-------- Material shown

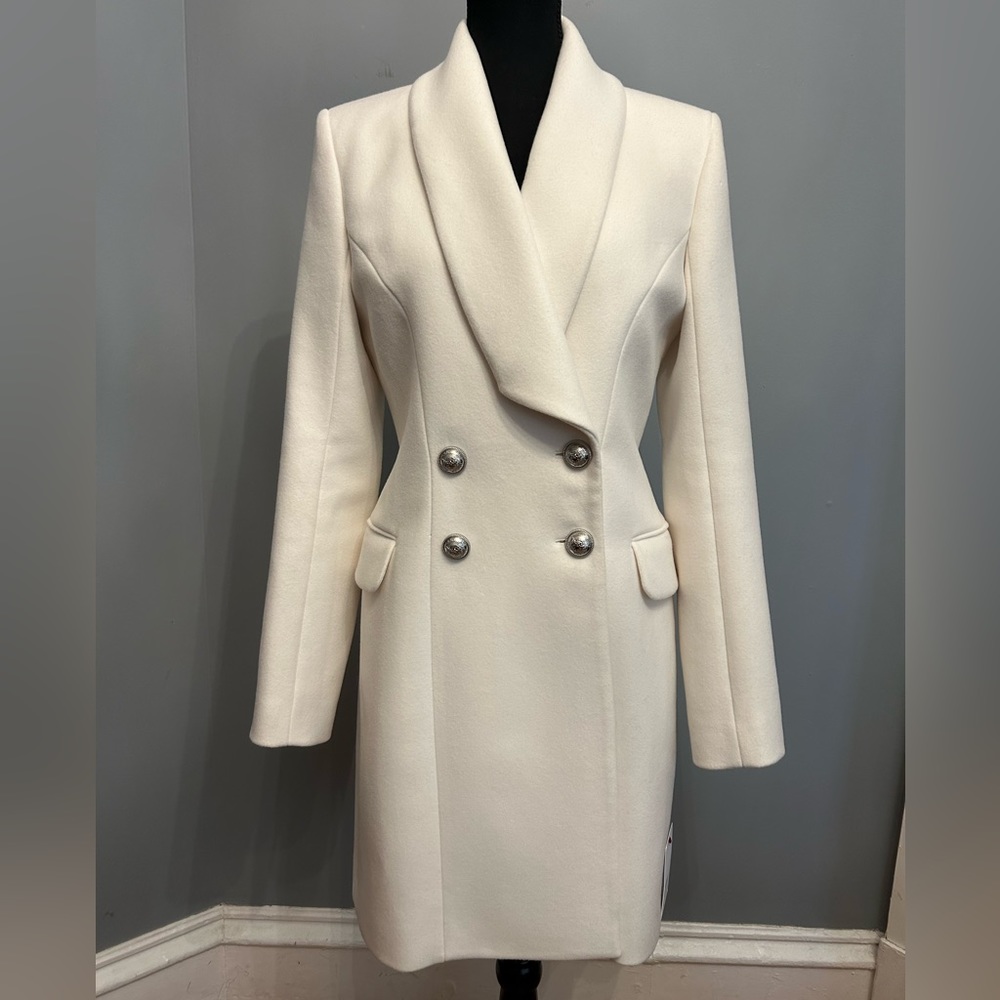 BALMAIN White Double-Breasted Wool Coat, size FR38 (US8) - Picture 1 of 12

----------------
-------- Material shown

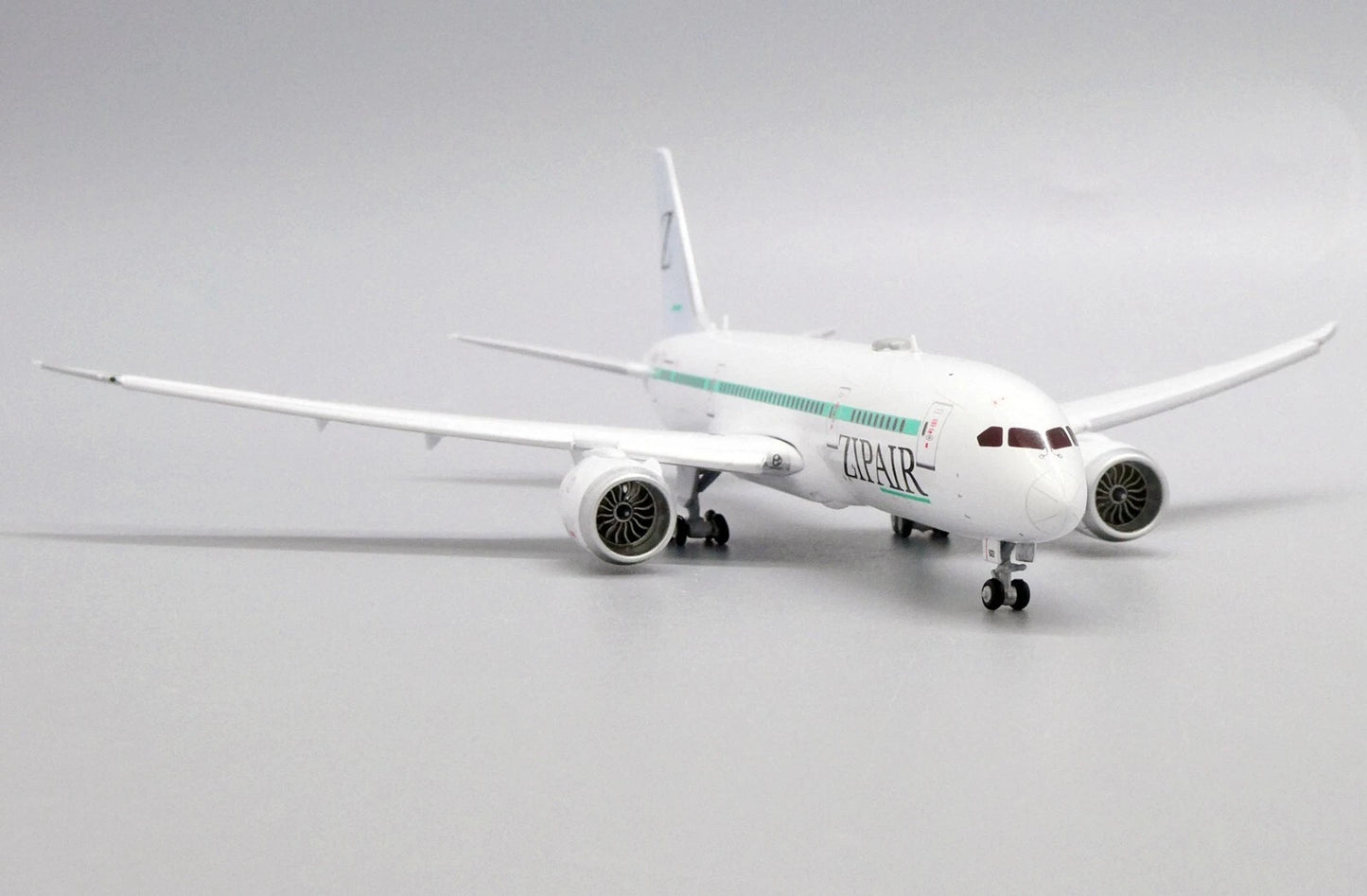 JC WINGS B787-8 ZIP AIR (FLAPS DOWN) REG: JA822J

----------------
-------- Material shown

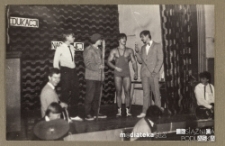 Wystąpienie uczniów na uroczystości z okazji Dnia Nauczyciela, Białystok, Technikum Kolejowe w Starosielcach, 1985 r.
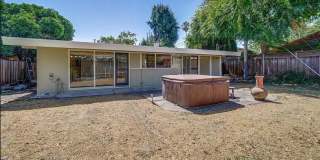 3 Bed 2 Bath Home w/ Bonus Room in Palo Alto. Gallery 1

----------------

** Task details **
Though the entries above contain pictures, none should be copied; reproduce only the lines between the one holding "Wystąpienie uczniów na" and the one holding "3 Bed 2 Bath", inclusive, exactly as written.

** Expected answer **
 Wystąpienie uczniów na uroczystości z okazji Dnia Nauczyciela, Białystok, Technikum Kolejowe w Starosielcach, 1985 r.
 3 Bed 2 Bath Home w/ Bonus Room in Palo Alto. Gallery 1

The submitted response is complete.